Towards Improving Speaker Distance Estimation through Generative Impulse Response Augmentation

Source: arXiv:2605.00721 · Published 2026-05-01 · By Anton Ratnarajah, Mehmet Ergezer, Arun Nair, Mrudula Athi

TL;DR

This paper addresses the ICASSP 2025 GenDARA / Room Acoustics and Speaker Distance Estimation challenge, where the core bottleneck is sparse and mismatched room impulse response (RIR) data for training speaker distance estimation (SDE) models. The authors’ idea is to synthesize additional RIRs with FastRIR, but not in a generic way: they strip away room-geometry conditioning and condition only on source and listener locations, then filter the generated signals so they better match the target challenge distributions before using them for SDE fine-tuning.

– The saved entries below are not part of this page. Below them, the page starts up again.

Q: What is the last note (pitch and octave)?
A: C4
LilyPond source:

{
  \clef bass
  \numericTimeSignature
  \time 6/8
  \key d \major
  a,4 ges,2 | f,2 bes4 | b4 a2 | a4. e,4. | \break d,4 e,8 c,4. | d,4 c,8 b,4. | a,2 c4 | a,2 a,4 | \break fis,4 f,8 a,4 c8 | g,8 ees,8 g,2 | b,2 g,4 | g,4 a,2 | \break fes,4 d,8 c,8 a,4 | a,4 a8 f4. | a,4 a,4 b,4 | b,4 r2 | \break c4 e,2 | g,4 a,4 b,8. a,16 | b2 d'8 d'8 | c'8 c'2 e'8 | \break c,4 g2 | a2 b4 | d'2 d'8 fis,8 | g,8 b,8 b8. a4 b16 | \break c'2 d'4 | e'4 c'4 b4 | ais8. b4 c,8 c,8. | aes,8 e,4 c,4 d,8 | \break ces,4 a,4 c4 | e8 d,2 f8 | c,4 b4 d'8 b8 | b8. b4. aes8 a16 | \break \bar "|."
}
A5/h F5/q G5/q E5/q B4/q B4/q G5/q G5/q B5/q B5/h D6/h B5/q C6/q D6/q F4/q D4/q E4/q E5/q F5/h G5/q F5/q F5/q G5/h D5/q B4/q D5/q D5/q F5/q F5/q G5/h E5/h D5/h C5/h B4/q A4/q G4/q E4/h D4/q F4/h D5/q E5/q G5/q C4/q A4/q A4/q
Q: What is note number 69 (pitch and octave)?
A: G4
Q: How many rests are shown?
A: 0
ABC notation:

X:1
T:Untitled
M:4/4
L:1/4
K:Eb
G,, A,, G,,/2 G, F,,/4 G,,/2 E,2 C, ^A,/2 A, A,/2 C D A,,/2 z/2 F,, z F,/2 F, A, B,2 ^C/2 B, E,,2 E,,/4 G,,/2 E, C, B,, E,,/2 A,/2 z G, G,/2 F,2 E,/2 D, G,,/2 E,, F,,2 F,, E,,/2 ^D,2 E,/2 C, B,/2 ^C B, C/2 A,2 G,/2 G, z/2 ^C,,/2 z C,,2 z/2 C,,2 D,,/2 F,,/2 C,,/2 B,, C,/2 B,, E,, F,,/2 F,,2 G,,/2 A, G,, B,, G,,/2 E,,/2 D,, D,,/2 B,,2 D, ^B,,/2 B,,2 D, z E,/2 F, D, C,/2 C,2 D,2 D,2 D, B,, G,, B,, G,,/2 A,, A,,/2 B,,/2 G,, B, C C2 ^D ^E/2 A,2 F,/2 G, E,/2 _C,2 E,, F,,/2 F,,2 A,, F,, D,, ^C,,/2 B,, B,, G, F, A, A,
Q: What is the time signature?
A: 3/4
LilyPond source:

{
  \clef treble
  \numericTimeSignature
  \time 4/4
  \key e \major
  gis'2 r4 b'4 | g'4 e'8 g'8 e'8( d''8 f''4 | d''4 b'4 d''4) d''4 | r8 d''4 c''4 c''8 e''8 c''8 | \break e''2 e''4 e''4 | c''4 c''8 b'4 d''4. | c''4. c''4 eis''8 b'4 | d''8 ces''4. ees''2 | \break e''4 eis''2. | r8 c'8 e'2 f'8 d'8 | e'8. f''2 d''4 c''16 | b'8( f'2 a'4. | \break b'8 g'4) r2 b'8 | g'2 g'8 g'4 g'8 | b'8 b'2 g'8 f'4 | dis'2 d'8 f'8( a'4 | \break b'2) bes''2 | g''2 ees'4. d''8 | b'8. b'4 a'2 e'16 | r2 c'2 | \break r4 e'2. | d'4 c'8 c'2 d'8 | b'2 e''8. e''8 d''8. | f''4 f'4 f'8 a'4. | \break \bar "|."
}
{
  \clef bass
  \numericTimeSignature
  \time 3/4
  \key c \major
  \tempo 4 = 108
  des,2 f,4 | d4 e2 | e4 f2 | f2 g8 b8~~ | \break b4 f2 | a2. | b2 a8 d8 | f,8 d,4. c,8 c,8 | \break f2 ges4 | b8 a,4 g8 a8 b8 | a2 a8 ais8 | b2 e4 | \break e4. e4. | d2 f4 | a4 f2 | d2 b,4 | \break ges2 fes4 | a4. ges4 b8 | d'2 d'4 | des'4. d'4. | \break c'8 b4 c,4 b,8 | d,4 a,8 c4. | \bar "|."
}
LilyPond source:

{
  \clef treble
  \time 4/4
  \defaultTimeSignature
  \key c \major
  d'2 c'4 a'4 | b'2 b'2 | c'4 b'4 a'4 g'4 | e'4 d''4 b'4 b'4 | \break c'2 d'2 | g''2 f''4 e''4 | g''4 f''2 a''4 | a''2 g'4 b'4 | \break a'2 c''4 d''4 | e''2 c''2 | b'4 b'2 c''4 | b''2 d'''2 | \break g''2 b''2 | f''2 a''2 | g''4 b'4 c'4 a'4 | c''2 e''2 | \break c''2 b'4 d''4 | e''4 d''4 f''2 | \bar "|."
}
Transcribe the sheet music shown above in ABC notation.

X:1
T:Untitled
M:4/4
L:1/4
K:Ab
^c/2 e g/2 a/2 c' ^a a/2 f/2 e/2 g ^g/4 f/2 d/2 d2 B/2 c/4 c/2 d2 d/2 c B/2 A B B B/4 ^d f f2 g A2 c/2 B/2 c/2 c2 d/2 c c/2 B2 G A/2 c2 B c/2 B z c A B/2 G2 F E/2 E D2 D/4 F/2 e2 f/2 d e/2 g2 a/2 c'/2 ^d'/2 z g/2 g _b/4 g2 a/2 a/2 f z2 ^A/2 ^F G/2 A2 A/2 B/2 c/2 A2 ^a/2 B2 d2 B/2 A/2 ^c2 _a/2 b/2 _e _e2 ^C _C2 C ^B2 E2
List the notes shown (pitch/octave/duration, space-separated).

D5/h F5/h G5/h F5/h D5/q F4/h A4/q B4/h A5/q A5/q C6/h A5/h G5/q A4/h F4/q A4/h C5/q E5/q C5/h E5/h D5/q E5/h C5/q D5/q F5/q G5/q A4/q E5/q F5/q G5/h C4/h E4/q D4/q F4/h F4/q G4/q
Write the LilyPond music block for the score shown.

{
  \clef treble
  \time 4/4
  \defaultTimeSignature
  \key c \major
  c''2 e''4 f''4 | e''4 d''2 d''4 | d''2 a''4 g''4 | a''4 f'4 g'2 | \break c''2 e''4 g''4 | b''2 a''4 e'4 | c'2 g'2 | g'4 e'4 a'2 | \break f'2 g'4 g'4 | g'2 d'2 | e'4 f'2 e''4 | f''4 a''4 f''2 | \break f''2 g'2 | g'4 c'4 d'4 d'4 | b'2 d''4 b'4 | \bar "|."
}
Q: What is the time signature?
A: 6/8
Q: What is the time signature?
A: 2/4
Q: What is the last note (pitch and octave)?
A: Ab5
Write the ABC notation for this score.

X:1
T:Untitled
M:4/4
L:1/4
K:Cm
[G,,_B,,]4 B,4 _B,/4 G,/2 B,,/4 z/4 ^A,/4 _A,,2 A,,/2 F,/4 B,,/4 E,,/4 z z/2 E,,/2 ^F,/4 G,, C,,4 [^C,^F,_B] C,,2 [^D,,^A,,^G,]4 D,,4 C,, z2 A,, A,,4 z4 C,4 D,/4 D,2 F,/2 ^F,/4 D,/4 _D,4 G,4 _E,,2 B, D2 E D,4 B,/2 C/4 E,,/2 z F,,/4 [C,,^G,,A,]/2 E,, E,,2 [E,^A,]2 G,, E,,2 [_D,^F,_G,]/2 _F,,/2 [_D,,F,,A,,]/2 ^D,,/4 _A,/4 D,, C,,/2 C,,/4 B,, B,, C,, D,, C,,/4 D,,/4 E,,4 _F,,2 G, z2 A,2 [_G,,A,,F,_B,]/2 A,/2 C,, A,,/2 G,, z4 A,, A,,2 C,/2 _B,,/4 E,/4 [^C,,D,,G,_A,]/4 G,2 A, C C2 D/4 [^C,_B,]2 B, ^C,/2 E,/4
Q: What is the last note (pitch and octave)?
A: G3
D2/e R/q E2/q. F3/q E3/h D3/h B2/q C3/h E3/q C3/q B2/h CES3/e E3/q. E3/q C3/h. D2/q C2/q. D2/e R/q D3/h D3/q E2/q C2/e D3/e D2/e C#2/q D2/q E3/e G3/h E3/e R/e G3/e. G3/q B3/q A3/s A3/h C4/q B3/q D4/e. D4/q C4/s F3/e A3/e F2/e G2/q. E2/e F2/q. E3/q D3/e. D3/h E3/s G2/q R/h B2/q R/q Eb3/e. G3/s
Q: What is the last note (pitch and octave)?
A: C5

The main result is that this augmentation pipeline substantially lowers distance-estimation error. Using their generated and filtered RIRs, they report MAE reductions from 1.66 m to 0.6 m on GWA rooms and from 2.18 m to 0.69 m on Treble rooms. The gains are strongest at medium-to-long ranges; they explicitly note worse performance below 1 m, where the synthetic data are sparse and the acoustics are harder to model. The paper is therefore less about a novel SDE architecture and more about a practical recipe for making synthetic acoustic augmentation useful under a tight distribution-matching constraint.

Key findings

Task 1 pretraining used 100,000 RIRs from the GWA dataset before dataset-specific fine-tuning on Treble and GWA enrollment RIRs.
They generated approximately 1 million candidate RIRs with modified FastRIR, then retained about 25% after filtering, yielding around 260,000 high-quality RIRs.
The quality filter enforced T60 within ±20% of the reference distribution and excluded RIRs with T60 exceeding 1.8695.
The filter also excluded source-receiver distances below 0.8 m and above 7.1 m, based on physical consistency with expected DRR behavior.
SDE MAE improved from 1.66 m to 0.6 m on GWA rooms after augmentation and fine-tuning.
SDE MAE improved from 2.18 m to 0.69 m on Treble rooms after augmentation and fine-tuning.
They report that separate dataset-specific SDE models improved further, with MAE reductions of 10% for Treble and 5% for GWA relative to their unified model.
Performance is notably worse for speaker positions under 1 m, which the authors attribute to limited close-range training examples and harder-to-model near-field acoustics.

Methodology — deep read

The threat model is implicit rather than adversarial in the security sense: the paper is not about an active attacker but about data scarcity and domain mismatch in SDE training. The authors assume the challenge provides sparse enrollment RIRs for each environment and that source/listener locations are the primary variables worth conditioning on. They also assume that within Rooms 1–10 and Rooms 11–20, acoustic conditions are sufficiently stable that separate generative models can be trained for Treble and GWA without needing to model every microscopic room variation.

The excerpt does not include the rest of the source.